0

I need to parse Google Images for a specified keyword(s) and retrieve image links, which I can do with PHP simple dom parser, and can retrieve a few image links per call. Google Images API is limited to 100 calls right now. Now, I need to save those image links for a "keyword" so that next time when I need images for that keyword, my script first looks for whether keywords and its related images (i.e. URL's) are already stored in my system and whether there is any need to call Google.

What would the most efficient way to store that keyword and images (i.e. db or simple text files)?

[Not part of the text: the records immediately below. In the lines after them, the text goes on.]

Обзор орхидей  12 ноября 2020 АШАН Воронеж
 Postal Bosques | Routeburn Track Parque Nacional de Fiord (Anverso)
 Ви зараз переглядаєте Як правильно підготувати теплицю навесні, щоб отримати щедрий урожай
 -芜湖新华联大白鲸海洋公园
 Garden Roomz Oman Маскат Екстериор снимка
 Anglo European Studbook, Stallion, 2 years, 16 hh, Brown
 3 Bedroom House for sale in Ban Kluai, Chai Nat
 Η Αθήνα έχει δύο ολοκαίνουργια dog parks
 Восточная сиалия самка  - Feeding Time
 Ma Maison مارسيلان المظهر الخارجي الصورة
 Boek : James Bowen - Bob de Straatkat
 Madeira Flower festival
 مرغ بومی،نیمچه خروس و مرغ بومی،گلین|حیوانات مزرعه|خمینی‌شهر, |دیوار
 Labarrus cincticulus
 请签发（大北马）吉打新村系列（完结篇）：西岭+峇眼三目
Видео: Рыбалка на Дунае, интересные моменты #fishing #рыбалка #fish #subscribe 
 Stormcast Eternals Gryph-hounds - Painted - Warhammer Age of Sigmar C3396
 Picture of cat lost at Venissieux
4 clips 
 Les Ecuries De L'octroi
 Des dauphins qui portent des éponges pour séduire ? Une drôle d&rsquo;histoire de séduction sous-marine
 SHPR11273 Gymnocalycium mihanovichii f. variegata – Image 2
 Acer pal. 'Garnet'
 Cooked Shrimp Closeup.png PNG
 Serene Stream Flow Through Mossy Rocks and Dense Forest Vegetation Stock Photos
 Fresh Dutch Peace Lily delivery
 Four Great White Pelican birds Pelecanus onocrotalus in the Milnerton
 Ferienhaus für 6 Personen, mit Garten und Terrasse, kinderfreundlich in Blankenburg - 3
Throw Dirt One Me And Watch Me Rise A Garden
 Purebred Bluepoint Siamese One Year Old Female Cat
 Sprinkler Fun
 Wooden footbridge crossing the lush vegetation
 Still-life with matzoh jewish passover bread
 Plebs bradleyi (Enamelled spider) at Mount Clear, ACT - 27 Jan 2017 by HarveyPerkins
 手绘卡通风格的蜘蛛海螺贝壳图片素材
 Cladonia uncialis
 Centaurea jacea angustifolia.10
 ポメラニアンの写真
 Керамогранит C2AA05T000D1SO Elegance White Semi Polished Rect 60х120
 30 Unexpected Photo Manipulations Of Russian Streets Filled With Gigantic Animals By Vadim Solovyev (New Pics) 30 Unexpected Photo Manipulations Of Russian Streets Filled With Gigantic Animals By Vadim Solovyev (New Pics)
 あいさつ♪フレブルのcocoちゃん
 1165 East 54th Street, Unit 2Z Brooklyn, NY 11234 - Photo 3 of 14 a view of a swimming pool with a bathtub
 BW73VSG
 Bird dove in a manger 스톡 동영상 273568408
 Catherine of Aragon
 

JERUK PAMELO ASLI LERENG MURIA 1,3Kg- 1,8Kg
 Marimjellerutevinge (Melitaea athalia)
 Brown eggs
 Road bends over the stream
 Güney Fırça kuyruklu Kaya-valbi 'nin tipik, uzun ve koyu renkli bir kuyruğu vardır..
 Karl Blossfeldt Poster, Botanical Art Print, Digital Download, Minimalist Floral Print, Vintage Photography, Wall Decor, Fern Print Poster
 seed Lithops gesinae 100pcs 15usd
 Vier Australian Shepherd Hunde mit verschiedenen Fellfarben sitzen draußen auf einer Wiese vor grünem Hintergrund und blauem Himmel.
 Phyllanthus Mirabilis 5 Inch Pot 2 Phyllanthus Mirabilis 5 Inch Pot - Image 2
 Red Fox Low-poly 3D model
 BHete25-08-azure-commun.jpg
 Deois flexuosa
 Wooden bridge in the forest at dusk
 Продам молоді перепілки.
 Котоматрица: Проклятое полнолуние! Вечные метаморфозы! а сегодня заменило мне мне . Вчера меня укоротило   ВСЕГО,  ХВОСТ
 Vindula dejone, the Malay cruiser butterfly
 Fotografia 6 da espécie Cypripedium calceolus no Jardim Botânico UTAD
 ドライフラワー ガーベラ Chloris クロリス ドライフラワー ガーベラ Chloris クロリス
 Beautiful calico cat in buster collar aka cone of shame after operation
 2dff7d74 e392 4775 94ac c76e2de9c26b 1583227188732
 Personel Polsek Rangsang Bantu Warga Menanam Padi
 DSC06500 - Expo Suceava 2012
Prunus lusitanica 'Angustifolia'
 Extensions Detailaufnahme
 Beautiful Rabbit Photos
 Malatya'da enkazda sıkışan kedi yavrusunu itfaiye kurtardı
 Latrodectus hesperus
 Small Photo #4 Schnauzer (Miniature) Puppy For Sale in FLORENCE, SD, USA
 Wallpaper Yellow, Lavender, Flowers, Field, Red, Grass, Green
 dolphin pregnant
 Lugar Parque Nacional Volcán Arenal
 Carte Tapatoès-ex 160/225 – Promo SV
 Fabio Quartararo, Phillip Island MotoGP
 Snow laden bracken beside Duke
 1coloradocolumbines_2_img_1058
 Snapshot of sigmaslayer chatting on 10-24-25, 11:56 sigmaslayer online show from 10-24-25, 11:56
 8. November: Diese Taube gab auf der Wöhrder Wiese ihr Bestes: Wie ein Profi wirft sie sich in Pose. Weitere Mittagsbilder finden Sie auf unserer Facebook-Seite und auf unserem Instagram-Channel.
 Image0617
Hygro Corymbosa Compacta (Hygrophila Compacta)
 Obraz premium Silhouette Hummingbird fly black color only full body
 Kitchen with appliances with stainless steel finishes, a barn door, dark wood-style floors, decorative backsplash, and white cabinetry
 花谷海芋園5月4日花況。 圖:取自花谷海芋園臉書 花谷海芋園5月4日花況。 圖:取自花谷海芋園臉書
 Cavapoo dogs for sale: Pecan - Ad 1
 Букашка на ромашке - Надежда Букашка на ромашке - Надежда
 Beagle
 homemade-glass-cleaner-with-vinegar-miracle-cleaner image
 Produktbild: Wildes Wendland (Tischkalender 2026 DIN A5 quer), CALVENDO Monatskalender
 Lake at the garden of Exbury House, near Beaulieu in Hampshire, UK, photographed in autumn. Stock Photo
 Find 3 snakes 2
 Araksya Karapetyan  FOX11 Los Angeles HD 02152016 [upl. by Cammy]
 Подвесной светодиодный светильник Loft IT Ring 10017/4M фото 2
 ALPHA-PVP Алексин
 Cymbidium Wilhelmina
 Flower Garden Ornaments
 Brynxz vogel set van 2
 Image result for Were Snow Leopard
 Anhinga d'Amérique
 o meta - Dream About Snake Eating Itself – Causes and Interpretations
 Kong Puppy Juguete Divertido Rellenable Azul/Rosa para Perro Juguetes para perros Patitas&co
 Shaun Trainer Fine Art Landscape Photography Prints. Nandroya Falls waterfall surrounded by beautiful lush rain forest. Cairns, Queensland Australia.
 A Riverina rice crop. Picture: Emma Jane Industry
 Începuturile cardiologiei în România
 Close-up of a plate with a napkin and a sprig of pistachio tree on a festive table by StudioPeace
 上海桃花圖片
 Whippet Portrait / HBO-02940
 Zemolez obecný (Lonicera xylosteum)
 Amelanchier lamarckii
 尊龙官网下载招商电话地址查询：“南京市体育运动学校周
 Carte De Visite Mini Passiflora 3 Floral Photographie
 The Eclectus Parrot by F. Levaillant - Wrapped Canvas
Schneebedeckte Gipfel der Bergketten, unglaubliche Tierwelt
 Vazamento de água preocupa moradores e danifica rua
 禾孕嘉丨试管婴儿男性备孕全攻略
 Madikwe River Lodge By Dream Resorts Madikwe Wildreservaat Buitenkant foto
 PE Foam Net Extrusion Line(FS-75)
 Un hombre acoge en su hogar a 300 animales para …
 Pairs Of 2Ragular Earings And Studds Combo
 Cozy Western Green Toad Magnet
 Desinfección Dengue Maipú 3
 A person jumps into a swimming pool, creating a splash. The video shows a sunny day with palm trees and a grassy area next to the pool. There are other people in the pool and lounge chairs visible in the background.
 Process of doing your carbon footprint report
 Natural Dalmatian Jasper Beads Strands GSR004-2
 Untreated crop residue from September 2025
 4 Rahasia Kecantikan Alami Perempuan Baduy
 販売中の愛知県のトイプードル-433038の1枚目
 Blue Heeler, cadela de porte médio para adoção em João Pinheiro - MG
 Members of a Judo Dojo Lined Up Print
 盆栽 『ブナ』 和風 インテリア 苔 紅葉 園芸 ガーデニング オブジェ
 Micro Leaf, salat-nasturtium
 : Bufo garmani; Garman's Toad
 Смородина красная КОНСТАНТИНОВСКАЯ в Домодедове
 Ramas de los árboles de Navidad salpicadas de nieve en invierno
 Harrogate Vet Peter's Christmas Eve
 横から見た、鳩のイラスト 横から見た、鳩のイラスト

If it is mySQL then what does its schema look like?

Can I store image links in a text file where the file name is keyword?

MrWhite
  • 43,179
  • 8
  • 60
  • 84
user3668629
  • 113
  • 7

2 Answers2

0

I would suggest using mysql, choosing it gives u flexibility, speed and easy access to your data. Just put info about your images in one table, something like:

id | name | keyword | path | creTime | size | ext ( and any other that u would need )

Then you can just pull any number of images by Keyword, like "water", "views", or something.

I would probably make two tables of it, changing keyword for keywordId. Then create foreign key to Keyword_data. Now you have relation One ( keywordId ) from Images_data to Many ( id ) keyword_data.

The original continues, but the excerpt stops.